Records to use —
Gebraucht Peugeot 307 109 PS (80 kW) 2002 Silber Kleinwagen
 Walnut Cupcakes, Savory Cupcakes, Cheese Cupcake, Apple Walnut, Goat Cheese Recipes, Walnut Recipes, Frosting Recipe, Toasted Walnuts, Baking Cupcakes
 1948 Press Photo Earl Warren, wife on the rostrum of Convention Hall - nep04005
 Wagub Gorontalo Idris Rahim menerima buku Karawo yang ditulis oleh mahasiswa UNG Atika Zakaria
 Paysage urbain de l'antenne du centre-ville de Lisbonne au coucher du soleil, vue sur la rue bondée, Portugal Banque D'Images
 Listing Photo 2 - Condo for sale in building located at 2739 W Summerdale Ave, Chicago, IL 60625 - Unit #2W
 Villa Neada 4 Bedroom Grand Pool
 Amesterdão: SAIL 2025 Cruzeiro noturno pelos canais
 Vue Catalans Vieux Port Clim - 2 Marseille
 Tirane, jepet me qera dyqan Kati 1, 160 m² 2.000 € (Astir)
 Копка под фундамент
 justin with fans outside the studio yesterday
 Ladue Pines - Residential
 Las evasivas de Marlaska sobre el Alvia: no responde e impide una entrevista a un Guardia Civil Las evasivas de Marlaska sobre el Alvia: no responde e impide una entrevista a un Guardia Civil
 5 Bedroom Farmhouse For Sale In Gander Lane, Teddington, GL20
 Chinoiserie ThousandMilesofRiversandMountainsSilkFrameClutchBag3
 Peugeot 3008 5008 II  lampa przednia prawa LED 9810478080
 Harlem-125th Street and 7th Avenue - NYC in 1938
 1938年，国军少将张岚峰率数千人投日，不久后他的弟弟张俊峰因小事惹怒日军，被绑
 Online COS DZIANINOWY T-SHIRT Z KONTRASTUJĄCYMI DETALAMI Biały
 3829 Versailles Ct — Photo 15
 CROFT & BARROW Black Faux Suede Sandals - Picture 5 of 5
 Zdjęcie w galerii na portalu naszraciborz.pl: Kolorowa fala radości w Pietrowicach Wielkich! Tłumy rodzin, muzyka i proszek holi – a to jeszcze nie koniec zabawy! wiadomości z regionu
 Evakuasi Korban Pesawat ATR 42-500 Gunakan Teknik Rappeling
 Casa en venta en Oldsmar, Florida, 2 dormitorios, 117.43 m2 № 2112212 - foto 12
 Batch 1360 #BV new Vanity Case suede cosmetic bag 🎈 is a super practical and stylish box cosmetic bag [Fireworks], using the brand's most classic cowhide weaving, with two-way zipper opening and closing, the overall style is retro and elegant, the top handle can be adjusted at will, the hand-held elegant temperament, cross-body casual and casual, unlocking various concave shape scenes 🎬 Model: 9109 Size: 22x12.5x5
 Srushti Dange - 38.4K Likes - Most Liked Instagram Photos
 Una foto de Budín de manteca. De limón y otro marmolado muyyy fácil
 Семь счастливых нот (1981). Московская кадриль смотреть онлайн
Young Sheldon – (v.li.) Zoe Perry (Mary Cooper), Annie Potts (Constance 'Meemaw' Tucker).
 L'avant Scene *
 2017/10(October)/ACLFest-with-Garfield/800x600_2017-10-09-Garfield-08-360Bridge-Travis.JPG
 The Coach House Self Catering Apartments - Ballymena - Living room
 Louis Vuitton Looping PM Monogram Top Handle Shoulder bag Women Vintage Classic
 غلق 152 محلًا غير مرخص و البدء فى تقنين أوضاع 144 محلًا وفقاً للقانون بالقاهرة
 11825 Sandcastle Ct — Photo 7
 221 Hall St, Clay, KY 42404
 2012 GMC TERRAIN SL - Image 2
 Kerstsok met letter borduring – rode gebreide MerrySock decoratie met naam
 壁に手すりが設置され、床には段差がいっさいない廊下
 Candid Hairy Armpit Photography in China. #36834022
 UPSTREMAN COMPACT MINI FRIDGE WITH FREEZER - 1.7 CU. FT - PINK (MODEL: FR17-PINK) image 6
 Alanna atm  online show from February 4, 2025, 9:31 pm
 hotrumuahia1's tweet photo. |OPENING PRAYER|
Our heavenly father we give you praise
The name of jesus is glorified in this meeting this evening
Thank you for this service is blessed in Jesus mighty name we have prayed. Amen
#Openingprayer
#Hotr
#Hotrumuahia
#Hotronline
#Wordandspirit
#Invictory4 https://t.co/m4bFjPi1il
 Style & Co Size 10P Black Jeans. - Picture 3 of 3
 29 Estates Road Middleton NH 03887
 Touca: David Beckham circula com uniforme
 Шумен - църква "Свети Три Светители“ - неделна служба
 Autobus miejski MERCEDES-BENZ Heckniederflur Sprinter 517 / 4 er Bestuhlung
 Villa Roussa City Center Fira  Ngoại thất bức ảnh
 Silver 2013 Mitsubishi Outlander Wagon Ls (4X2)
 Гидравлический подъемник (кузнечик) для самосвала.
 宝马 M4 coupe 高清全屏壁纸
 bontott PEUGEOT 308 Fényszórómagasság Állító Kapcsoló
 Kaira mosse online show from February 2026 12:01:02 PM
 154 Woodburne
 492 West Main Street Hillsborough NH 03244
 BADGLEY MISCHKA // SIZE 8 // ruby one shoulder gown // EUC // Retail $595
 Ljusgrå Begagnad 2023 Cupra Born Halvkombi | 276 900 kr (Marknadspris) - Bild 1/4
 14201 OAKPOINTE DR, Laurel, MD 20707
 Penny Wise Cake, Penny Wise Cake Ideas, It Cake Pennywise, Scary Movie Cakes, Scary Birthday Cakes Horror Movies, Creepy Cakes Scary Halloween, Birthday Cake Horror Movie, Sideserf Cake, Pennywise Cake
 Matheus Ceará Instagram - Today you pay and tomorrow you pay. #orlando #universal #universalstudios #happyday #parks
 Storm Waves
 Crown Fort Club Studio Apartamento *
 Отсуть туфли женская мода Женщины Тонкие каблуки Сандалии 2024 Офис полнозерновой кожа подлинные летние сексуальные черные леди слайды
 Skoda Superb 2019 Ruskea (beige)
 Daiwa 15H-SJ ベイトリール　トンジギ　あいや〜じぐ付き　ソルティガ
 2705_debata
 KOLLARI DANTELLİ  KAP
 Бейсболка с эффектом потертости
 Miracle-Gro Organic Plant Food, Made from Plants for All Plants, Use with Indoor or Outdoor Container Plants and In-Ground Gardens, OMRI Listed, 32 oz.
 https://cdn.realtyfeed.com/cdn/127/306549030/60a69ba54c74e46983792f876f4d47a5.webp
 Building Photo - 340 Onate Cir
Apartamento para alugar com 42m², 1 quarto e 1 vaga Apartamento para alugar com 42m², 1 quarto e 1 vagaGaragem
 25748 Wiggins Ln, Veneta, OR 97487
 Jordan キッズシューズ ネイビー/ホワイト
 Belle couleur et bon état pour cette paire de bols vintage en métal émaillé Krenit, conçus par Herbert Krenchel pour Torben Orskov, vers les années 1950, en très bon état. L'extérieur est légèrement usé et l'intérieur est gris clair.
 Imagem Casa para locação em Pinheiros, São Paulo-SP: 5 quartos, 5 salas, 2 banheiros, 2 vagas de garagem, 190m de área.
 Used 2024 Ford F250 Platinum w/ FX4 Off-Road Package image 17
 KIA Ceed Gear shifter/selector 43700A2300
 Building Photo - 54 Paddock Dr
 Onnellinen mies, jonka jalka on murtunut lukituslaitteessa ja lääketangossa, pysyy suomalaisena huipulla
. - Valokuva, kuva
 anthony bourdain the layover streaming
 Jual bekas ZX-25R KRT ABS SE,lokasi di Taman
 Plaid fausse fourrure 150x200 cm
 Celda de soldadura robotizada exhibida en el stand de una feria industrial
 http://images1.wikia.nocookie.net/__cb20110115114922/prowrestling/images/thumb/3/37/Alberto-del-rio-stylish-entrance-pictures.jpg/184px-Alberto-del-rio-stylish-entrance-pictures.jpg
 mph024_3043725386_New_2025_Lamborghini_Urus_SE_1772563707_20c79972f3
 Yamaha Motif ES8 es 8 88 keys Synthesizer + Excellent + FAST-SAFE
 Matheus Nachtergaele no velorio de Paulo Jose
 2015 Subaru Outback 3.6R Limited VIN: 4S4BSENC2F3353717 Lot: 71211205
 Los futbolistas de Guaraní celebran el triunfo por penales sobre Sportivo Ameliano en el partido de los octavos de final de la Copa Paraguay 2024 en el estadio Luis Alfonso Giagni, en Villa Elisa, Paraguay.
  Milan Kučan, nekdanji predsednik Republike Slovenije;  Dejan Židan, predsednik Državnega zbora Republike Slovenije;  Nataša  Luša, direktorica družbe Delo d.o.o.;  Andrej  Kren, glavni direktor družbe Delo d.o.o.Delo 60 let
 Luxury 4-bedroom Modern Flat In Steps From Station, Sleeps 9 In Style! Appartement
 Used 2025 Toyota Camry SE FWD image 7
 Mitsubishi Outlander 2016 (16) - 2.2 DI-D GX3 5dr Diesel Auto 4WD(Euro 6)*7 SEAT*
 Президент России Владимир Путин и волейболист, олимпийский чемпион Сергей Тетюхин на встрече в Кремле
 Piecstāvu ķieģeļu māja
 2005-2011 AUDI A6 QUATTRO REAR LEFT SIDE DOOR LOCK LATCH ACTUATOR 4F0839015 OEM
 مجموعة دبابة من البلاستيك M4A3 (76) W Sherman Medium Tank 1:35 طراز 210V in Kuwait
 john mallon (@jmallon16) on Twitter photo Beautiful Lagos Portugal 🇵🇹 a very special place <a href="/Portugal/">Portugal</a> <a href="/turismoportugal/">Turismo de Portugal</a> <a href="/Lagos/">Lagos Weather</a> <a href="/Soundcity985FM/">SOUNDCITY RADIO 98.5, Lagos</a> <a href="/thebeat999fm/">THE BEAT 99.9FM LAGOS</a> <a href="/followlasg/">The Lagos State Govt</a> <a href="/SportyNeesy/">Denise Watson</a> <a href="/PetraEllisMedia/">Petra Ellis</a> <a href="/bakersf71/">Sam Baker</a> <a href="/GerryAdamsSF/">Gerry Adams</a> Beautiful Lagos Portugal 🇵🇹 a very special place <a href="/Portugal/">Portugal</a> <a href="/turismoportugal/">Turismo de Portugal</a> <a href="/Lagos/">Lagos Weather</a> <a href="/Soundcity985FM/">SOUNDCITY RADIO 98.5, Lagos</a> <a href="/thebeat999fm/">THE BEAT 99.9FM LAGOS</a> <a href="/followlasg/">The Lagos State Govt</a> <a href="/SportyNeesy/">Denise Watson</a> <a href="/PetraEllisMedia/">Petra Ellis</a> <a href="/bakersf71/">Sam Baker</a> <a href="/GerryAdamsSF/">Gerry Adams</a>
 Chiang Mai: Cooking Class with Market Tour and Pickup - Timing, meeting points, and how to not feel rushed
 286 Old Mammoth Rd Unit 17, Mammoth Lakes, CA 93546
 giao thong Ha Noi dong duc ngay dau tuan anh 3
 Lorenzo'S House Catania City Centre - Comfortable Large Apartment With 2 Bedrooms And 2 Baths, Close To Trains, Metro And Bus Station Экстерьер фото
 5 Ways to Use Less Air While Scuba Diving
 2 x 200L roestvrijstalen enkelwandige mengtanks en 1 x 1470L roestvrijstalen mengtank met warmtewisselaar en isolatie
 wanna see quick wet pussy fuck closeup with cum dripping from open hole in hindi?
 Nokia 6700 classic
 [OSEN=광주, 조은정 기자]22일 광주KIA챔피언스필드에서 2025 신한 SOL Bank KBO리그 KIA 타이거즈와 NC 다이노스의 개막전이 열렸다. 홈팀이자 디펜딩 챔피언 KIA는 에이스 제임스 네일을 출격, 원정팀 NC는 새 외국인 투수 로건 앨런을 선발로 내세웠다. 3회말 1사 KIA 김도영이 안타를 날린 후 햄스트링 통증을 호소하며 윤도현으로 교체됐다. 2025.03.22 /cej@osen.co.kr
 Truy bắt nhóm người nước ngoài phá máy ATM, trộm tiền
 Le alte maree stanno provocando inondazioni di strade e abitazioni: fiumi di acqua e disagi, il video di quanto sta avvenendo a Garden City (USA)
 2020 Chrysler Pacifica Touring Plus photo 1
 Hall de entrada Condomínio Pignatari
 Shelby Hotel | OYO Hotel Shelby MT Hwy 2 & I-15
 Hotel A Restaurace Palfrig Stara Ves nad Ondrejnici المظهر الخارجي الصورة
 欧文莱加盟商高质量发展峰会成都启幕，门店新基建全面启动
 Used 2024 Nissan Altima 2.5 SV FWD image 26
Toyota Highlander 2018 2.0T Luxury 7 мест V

Your assignment — Up to and including the line that contains "3829 Versailles Ct — Photo 15", restate each line of the material above word for word, beginning with its first line.

Exercise response —
Gebraucht Peugeot 307 109 PS (80 kW) 2002 Silber Kleinwagen
 Walnut Cupcakes, Savory Cupcakes, Cheese Cupcake, Apple Walnut, Goat Cheese Recipes, Walnut Recipes, Frosting Recipe, Toasted Walnuts, Baking Cupcakes
 1948 Press Photo Earl Warren, wife on the rostrum of Convention Hall - nep04005
 Wagub Gorontalo Idris Rahim menerima buku Karawo yang ditulis oleh mahasiswa UNG Atika Zakaria
 Paysage urbain de l'antenne du centre-ville de Lisbonne au coucher du soleil, vue sur la rue bondée, Portugal Banque D'Images
 Listing Photo 2 - Condo for sale in building located at 2739 W Summerdale Ave, Chicago, IL 60625 - Unit #2W
 Villa Neada 4 Bedroom Grand Pool
 Amesterdão: SAIL 2025 Cruzeiro noturno pelos canais
 Vue Catalans Vieux Port Clim - 2 Marseille
 Tirane, jepet me qera dyqan Kati 1, 160 m² 2.000 € (Astir)
 Копка под фундамент
 justin with fans outside the studio yesterday
 Ladue Pines - Residential
 Las evasivas de Marlaska sobre el Alvia: no responde e impide una entrevista a un Guardia Civil Las evasivas de Marlaska sobre el Alvia: no responde e impide una entrevista a un Guardia Civil
 5 Bedroom Farmhouse For Sale In Gander Lane, Teddington, GL20
 Chinoiserie ThousandMilesofRiversandMountainsSilkFrameClutchBag3
 Peugeot 3008 5008 II  lampa przednia prawa LED 9810478080
 Harlem-125th Street and 7th Avenue - NYC in 1938
 1938年，国军少将张岚峰率数千人投日，不久后他的弟弟张俊峰因小事惹怒日军，被绑
 Online COS DZIANINOWY T-SHIRT Z KONTRASTUJĄCYMI DETALAMI Biały
 3829 Versailles Ct — Photo 15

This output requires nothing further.